TASK DIRECTIONS:
Your answer must hold only the lines below from the line containing "Bermuda Cintura Tensionein" through the line containing "KCC98710 Tall-Fold Dispenser", each reproduced exactly.
━━ INPUT DATA ━━
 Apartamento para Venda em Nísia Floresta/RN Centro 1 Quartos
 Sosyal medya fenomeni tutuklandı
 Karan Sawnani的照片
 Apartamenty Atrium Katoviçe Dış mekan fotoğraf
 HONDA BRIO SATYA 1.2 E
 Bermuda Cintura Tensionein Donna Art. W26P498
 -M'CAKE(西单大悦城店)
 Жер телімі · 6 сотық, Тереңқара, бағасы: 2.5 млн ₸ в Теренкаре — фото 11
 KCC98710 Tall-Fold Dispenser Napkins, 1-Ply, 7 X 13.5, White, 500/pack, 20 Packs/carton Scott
━━━
━━ INPUT DATA ━━
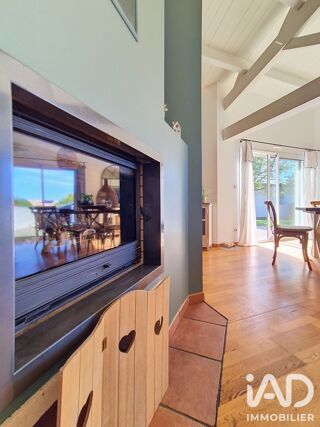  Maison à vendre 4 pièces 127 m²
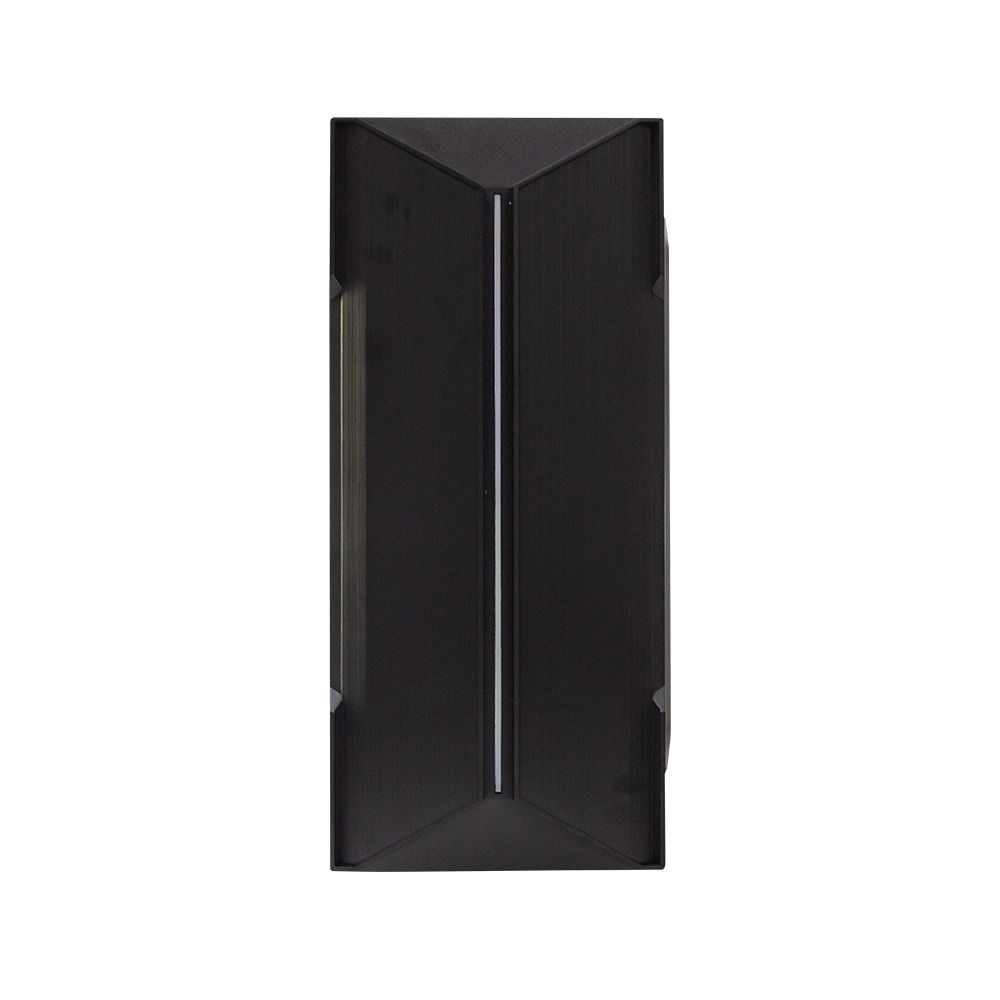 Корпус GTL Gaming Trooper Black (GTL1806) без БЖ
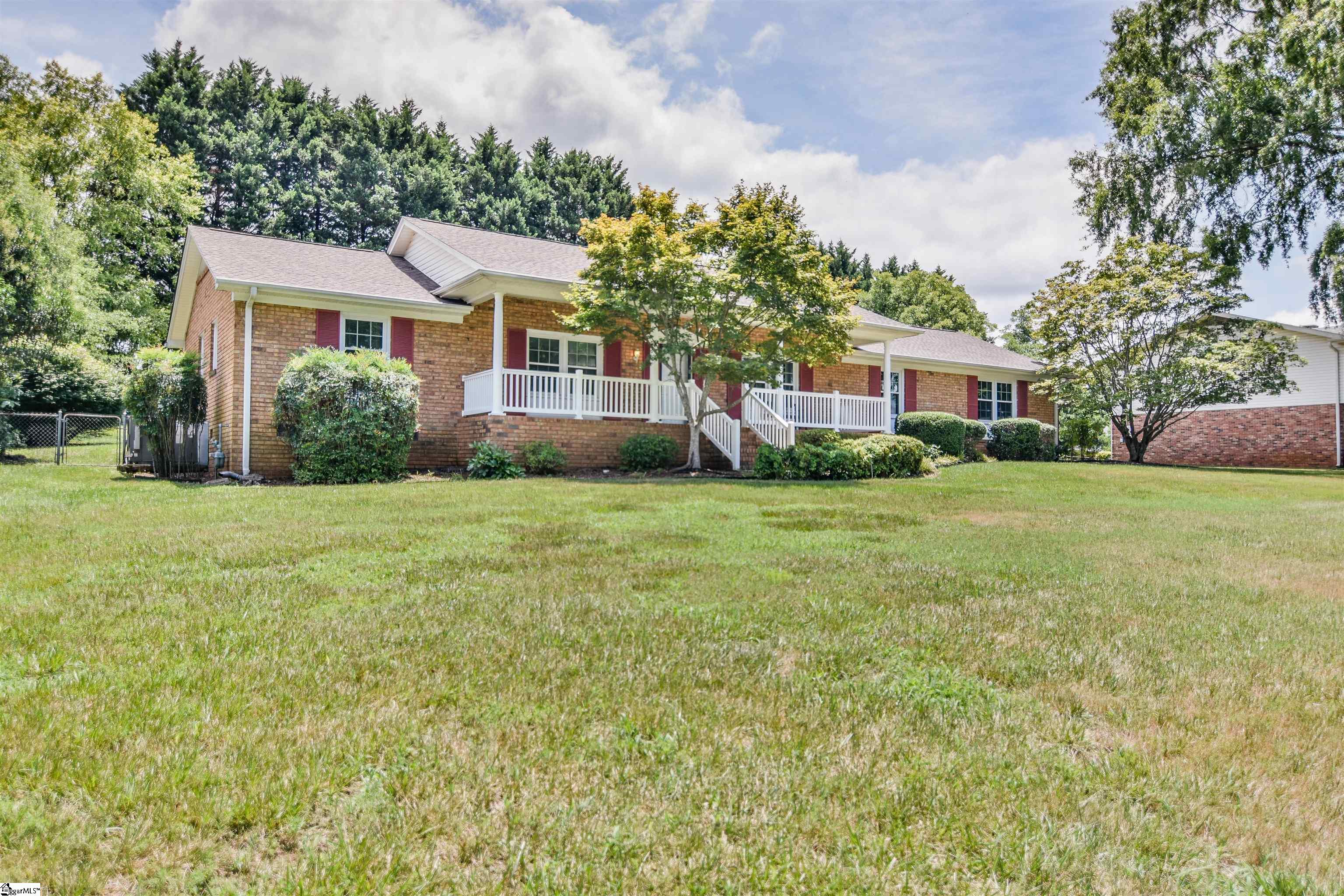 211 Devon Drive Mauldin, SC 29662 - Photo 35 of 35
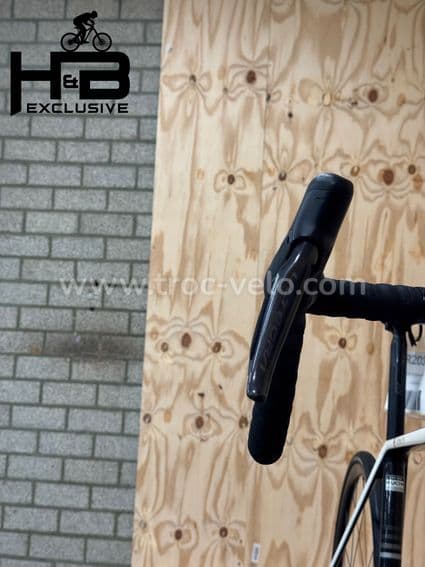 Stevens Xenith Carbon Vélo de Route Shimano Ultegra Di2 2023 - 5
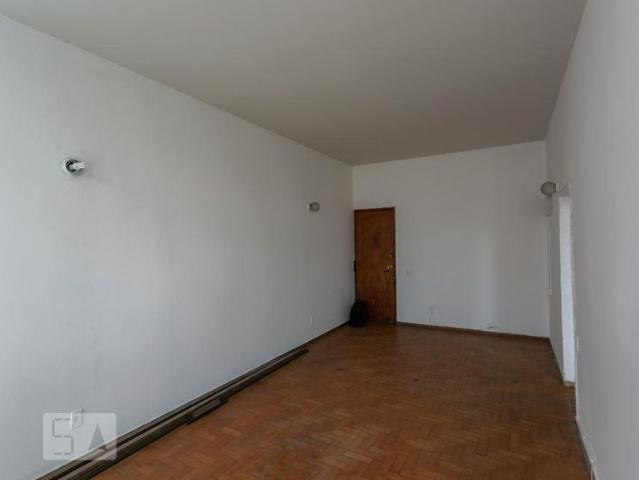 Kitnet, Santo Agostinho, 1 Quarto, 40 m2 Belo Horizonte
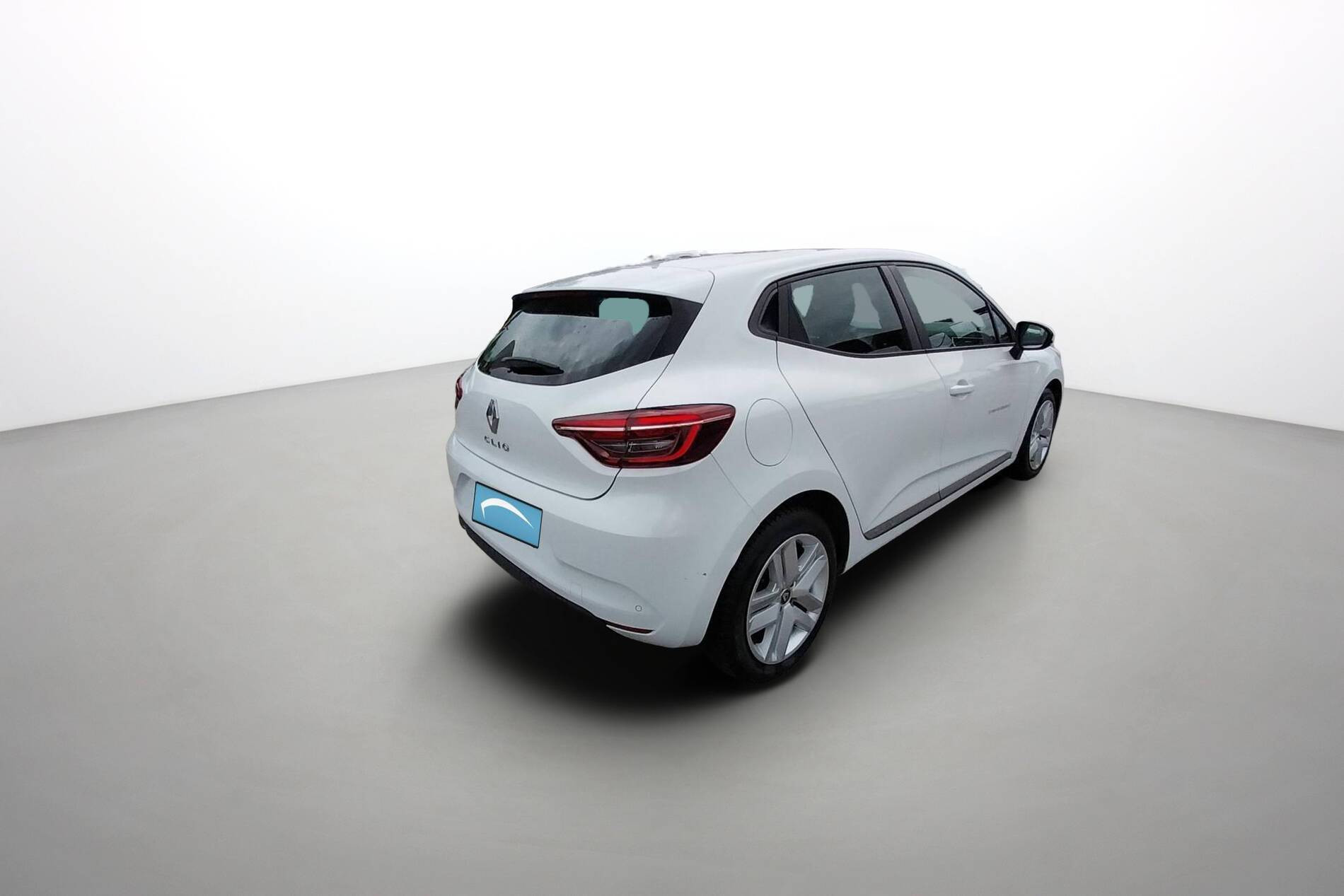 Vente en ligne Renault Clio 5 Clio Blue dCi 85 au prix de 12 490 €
━━━
SOLUTION TO THE PROBLEM:
 Bermuda Cintura Tensionein Donna Art. W26P498
 -M'CAKE(西单大悦城店)
 Жер телімі · 6 сотық, Тереңқара, бағасы: 2.5 млн ₸ в Теренкаре — фото 11
 KCC98710 Tall-Fold Dispenser Napkins, 1-Ply, 7 X 13.5, White, 500/pack, 20 Packs/carton Scott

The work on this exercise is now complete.